D. Fuzzy K – Means Clustering: We know that the
clustering is the technique to group the data’s into various
clusters. Here, in fuzzy clustering, each data object has a
membership function that describes the degree to which the
data has belongs to a certain cluster. [6] To update the
membership functions, we require fuzzy K – Means
Clustering. In this process, the data object cannot be assigned
to a concrete cluster that is represented by the cluster centroid.
By replacing various non – reference attributes for each
incomplete data object based on the information about
membership degrees.
E. Expectation – Maximization Technique: Estimating the
mean and covariance matrix, we can impute the data’s that are
missing by the technique called Expectation – Maximization
(EM). [7] The steps for EM are, first the records each
regression parameters of the variables with missing value’s
among the variable that has missing value and should compute
the mean and covariance matrix. Second, each record that has
missing values have to replace with expected data’s or values
being the product of the available values and estimated
regression coefficients. Third, the identified mean and
covariance matrix have to re estimated and the sample mean of
the completed data sets have to identify and that to estimate
the imputation error.
F. Support Vector Machine:To analyze data and recognize
patterns used for classification and regression based analysis.
Given a set of training examples, we have some training
algorithms that build a model that assigns new examples into
one category or the other, making some of the probabilistic
binary linear classifier. Formally a SVM can construct a hyper
plane in a high – or infinite dimensional space, which can be
used for various tasks. [8] To keep the computational load
reasonable, the mapping used by SVM schemes are designed
to ensure that dot products may be computed easily in terms of
the variables in the original space, by defining the term called
kernel function K(x, y).
G. Outlier detection: Data analysis has a large number of
variables that are being recorded or sampled. One of the steps
to obtaining a coherent analysis is the detection of outlaying
observations. It is an observation that appears to deviate
markedly from other observations in the sample. An outlier
may indicate wrong data. For example, the data may have
been coded incorrectly or an experiment may not have been
run correctly. If it can be determined that an outlaying point is
in fact erroneous, then the outlaying value should be deleted
from the analysis.
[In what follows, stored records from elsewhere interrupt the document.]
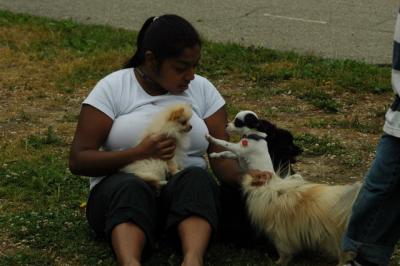 June16_05_016.JPG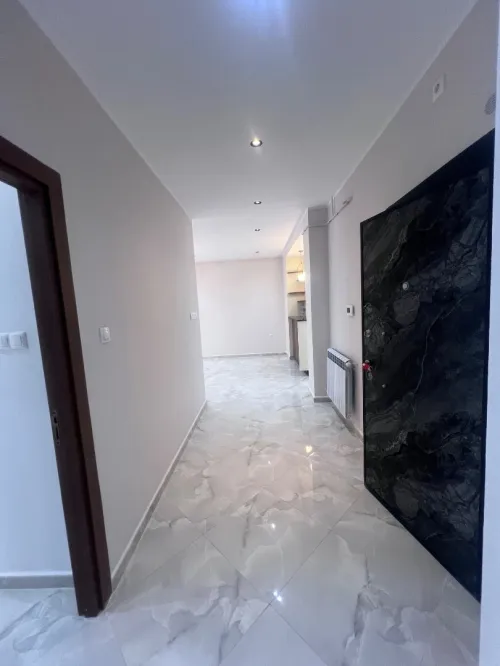 Vente Appartement F3 Alger Kouba 7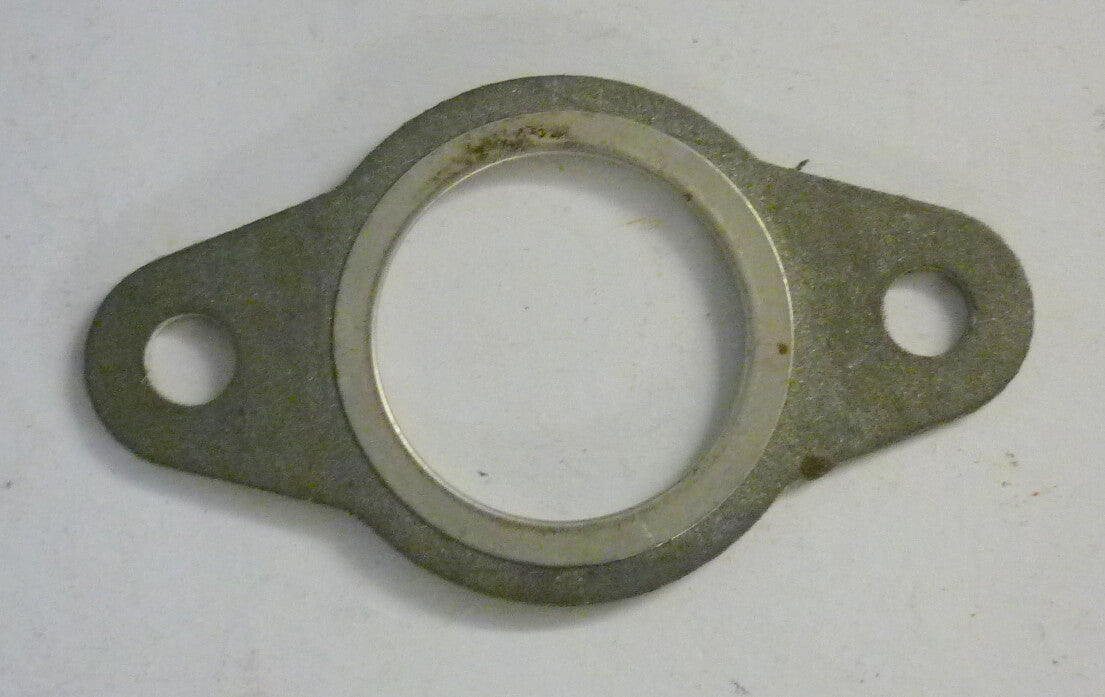 Auspuffdichtung, Vespa 50 / 90 / 125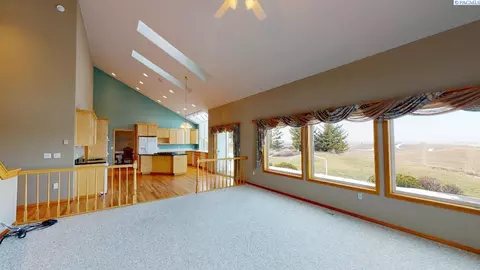 1810 NW Nicole Ct, Pullman, WA 99163 photo 16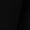 Black, variant on Men's Brief Underwear Sexy Tight Low Waist Underpantd Ice Silk High Slit Underwear Sports Brief Underwear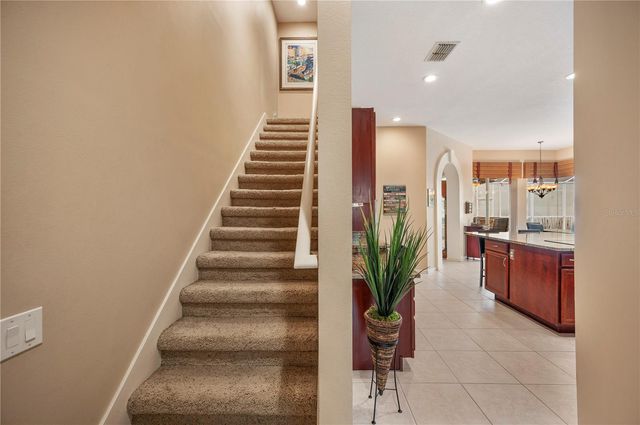 17710 CURRIE FORD DRIVE, Lutz, FL 33558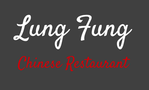Lung Fung Chinese Restaurant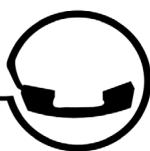 HOTPOINT HS B10 BEB - Sunlari bildiriniz: - 1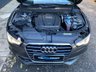 USED 2014 14 AUDI A5 2.0 SPORTBACK TDI QUATTRO S LINE S/S 5d 174 BHP 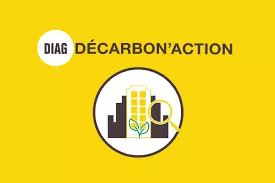 logo diag decarbonaction bpi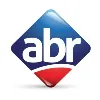 ABR Employment Services ABR Employment Services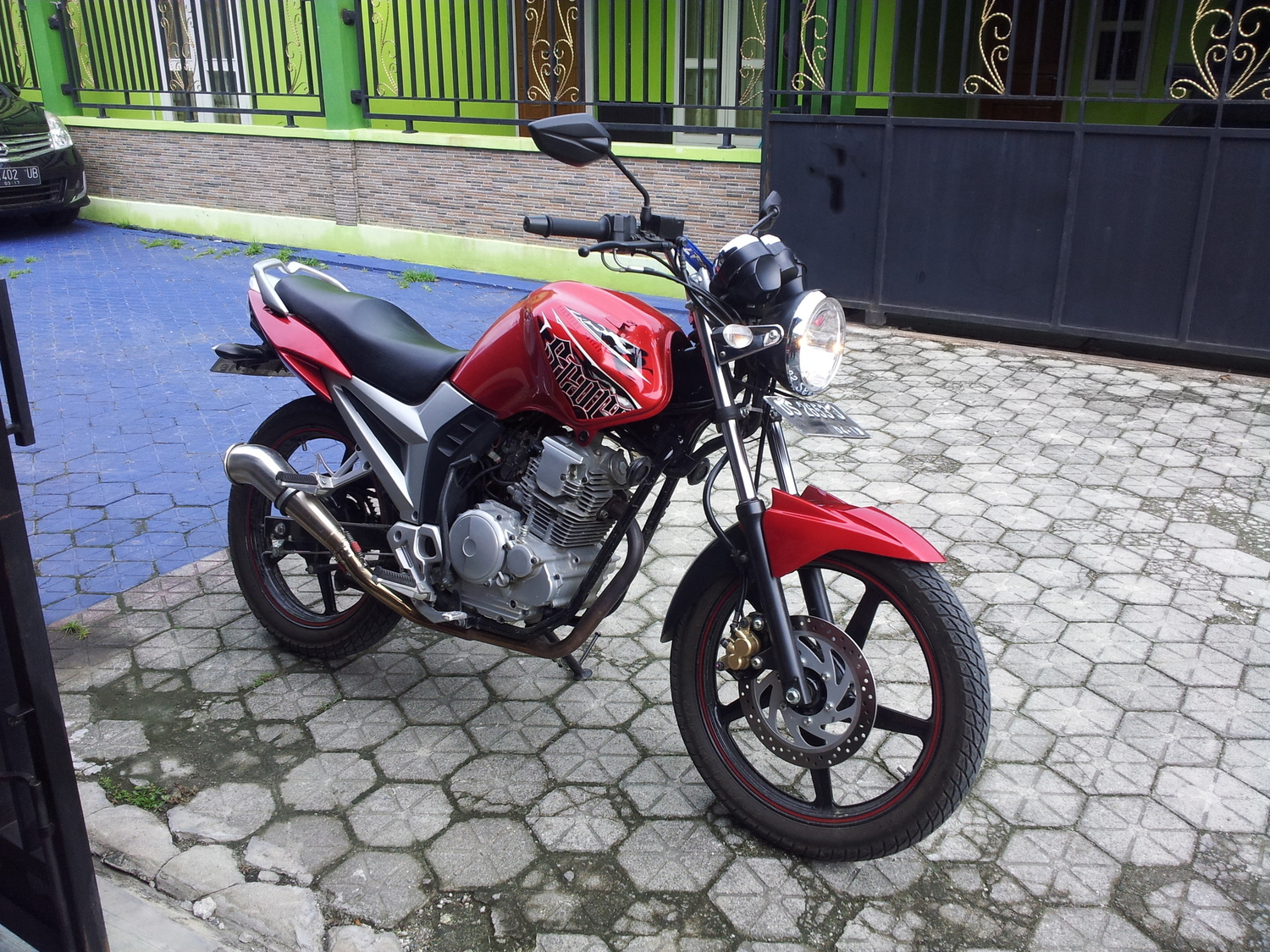 Photo 2793147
In some cases, it may not be possible to
determine if an outlying point is bad data. [9] Outliers may be
due to random variation or may indicate something
scientifically interesting. Labeling, accommodation and
identification are three issues in outlier detection. Outlier
detection is the major technique that encompasses the
variables to be fit into the data set’s in order to avoid the
missing attributes.
Labeling is the flag potential outliers for further investigation.
This is nothing but a identifying a unique variable in the data
sets.
Accommodationuses robust statistical techniques that will not
be affected by outliers. That is, if we cannot determine the
potential outliers are erroneous observations.
Identification is formally test whether observations are
outliers. This can identify the attribute that is actually in
missed value. By taking the outlier detection, it is going to
ignore and eliminate the values and attributes that is not fit
into the data sets.
H. Iterative linear Fitting Method (ILF): This method
belongs to the category of regression – based methods, which
substitutes the missing data based on the maximum likelihood
function under specific modeling assumptions. [10] The linear
regression model is assumed for the data sets for simplicity.
This method predicts the data that are missing attributes for
each in turn. The iterative method is the technique that has a
procedure in mathematical procedure that generates a
sequence of approximate values for a class of problems.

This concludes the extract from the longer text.